- [Data records]
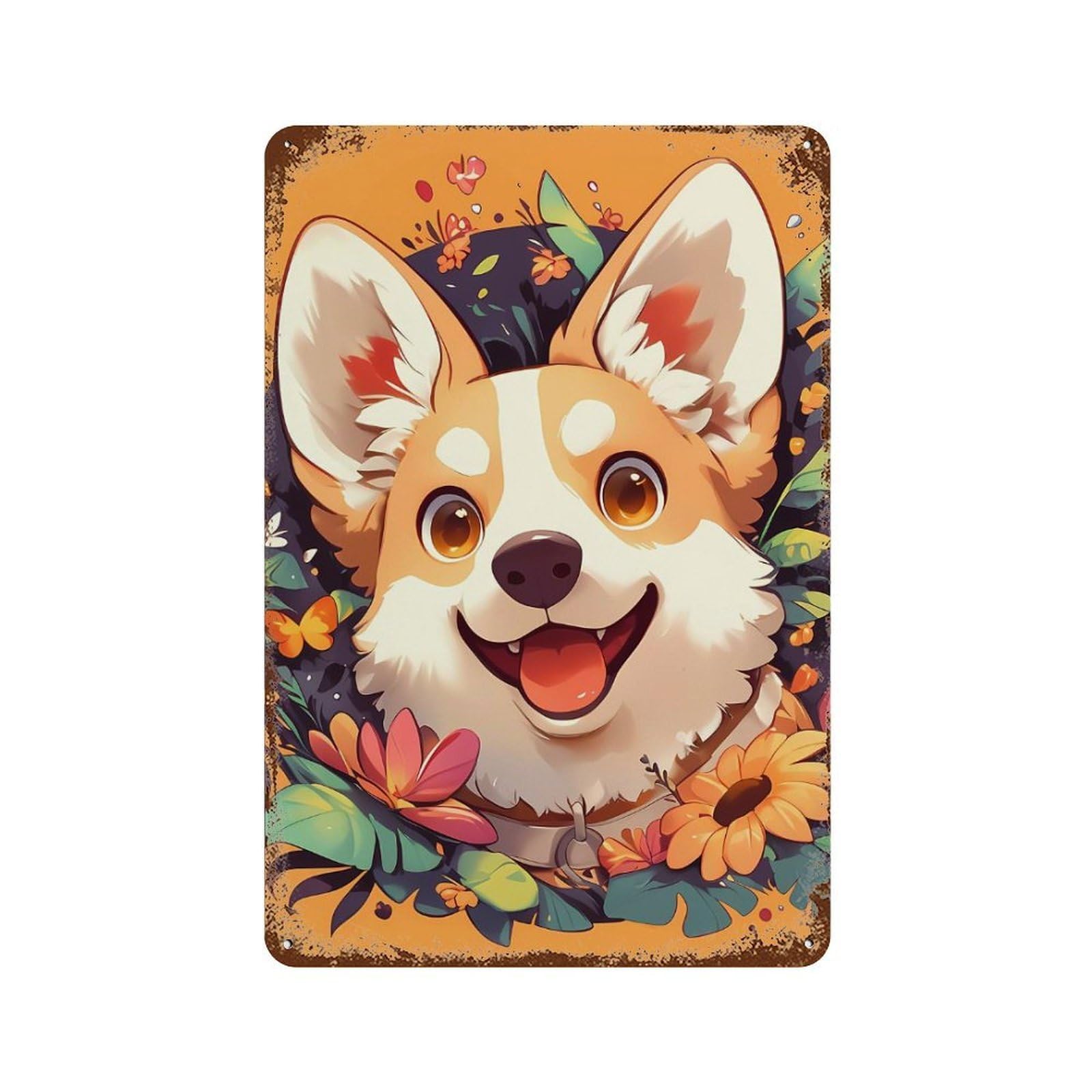 Happy Corgi with Floral Background Decorative Tin Sign 11.8"x7.9", for Farmhouse, Kitchen And Entryway Decor, Vintage Wall Decor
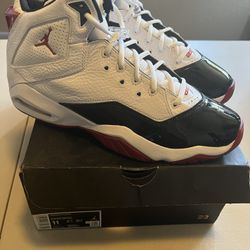 Size 11 Jordan B'Loyal White Red Black High Top Basketball Sneakers 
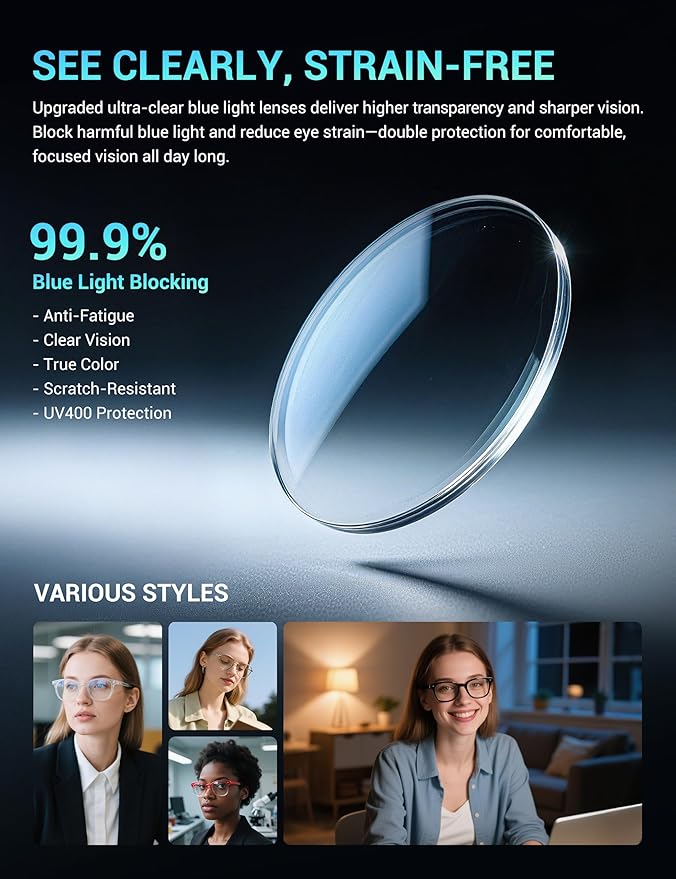 TIJN Lyssa Blue Light Glasses for Women Men,Retro 90s Oval Cat Eye Frame Eyeglasses,Lightweight TR90 Computer Gaming Eyewear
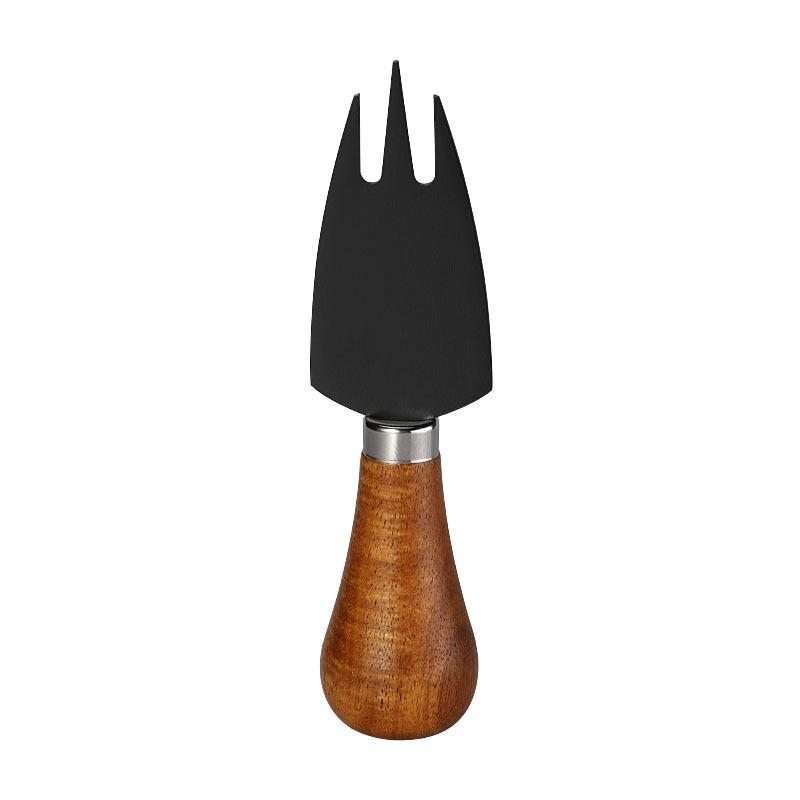 Black Stainless Steel Cheese Knife Set with Acacia Wood Handles & Western Cutlery - Self-Standing Cheese Knife, Fork & Spatula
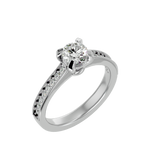 1 1/5 ctw Round Lab Grown Diamond Side Stone Engagement Ring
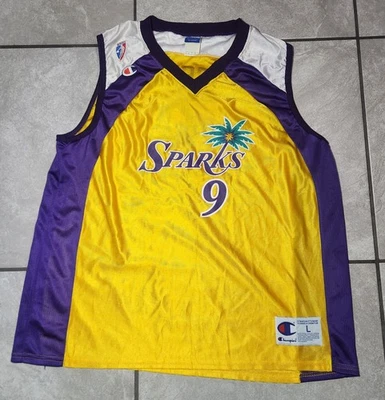 Camiseta deportiva de colección de los 90 campeona Los Angeles Sparks Lisa Leslie #9 para mujer grande WNBA Foto 1 de 4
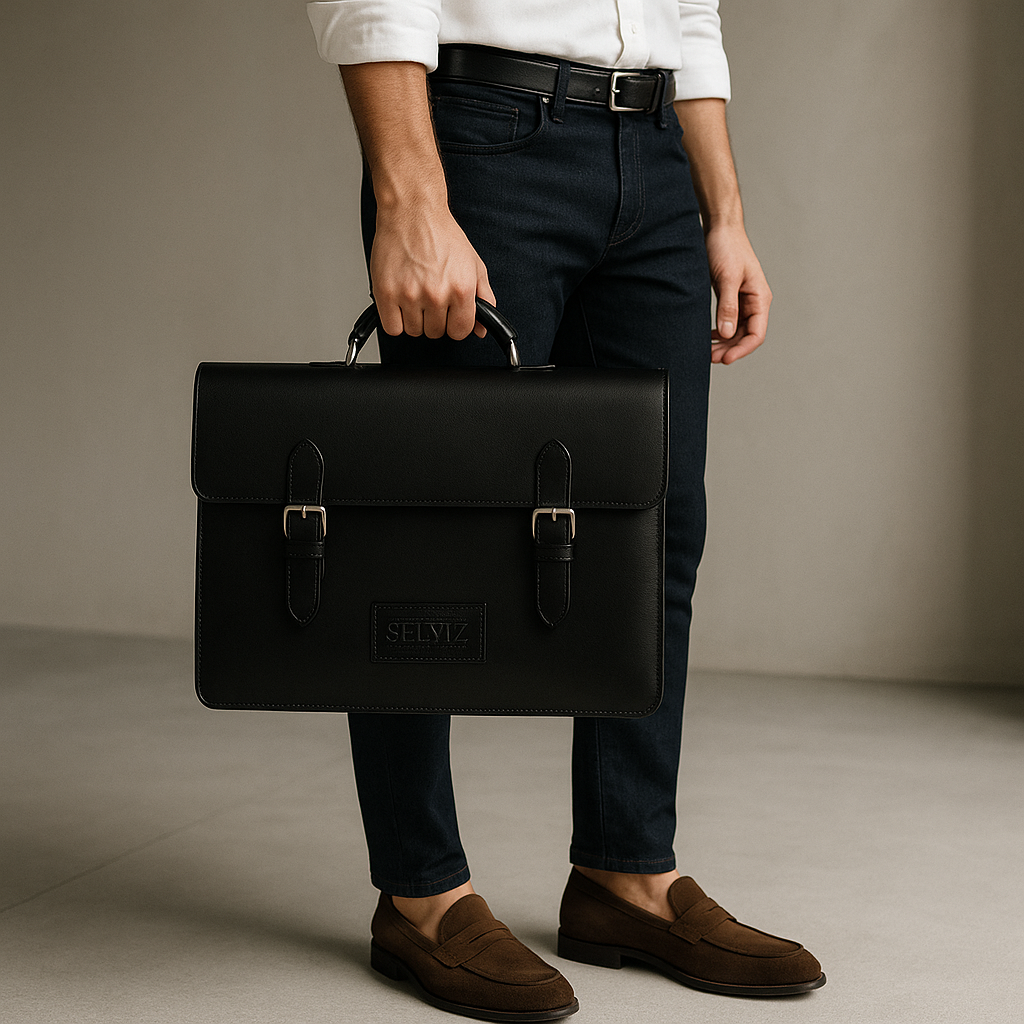 Elegant Laptop Taske i Læder – Tidløst & Stilrent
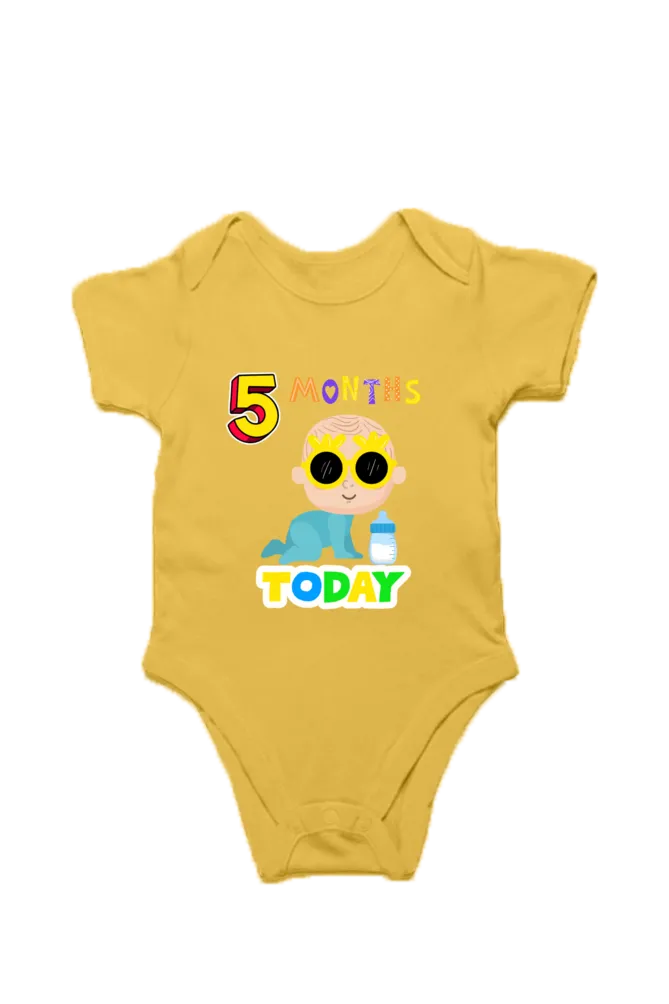 5 Month Celebration :  Cool Baby Rompers Printed For Your Baby's Monthly Milestone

- [Assignment] Once the line with "Size 11 Jordan" is found, output it and every line after it through the end of the listing, exactly, without pictures.

- [Worked solution]
 Size 11 Jordan B'Loyal White Red Black High Top Basketball Sneakers 
 TIJN Lyssa Blue Light Glasses for Women Men,Retro 90s Oval Cat Eye Frame Eyeglasses,Lightweight TR90 Computer Gaming Eyewear
 Black Stainless Steel Cheese Knife Set with Acacia Wood Handles & Western Cutlery - Self-Standing Cheese Knife, Fork & Spatula
 1 1/5 ctw Round Lab Grown Diamond Side Stone Engagement Ring
 Camiseta deportiva de colección de los 90 campeona Los Angeles Sparks Lisa Leslie #9 para mujer grande WNBA Foto 1 de 4
 Elegant Laptop Taske i Læder – Tidløst & Stilrent
 5 Month Celebration :  Cool Baby Rompers Printed For Your Baby's Monthly Milestone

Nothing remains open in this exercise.